WHAT THE EXERCISE ASKS – The reply should hold every line of the data below, unchanged, and none of the pictures.

RECORDED DATA –

⁂

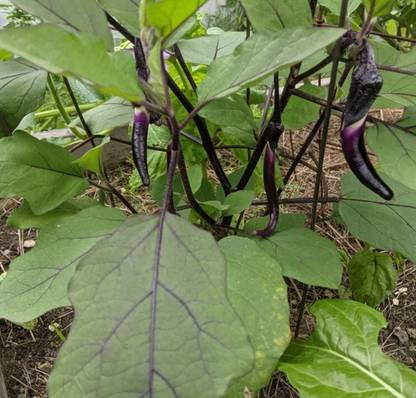 Avysa Chinese String Eggplant Seed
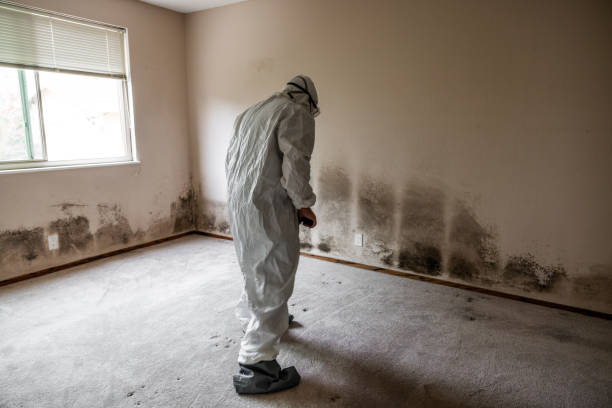 Best Professional Mold Removal  in Rialto, CA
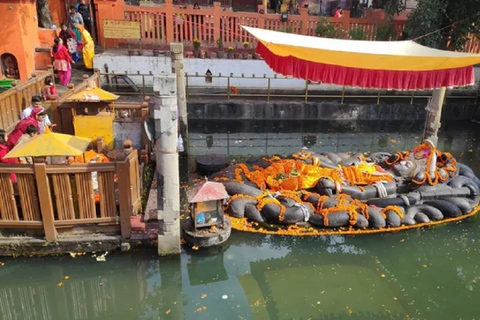 Upptäck Katmandu: Heldagstur med buss till stadens höjdpunkterFrån Kathmandu: Busstur till stadens höjdpunkter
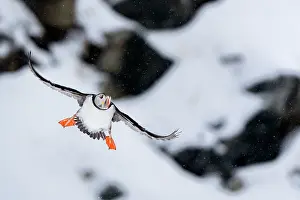 Hornoya Prints: RF - Puffin (Fratercula artica) taking flight in winter conditions with snow in background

⁂

ANSWER FOR THIS EXERCISE –
 Avysa Chinese String Eggplant Seed
 Best Professional Mold Removal  in Rialto, CA
 Upptäck Katmandu: Heldagstur med buss till stadens höjdpunkterFrån Kathmandu: Busstur till stadens höjdpunkter
 Hornoya Prints: RF - Puffin (Fratercula artica) taking flight in winter conditions with snow in background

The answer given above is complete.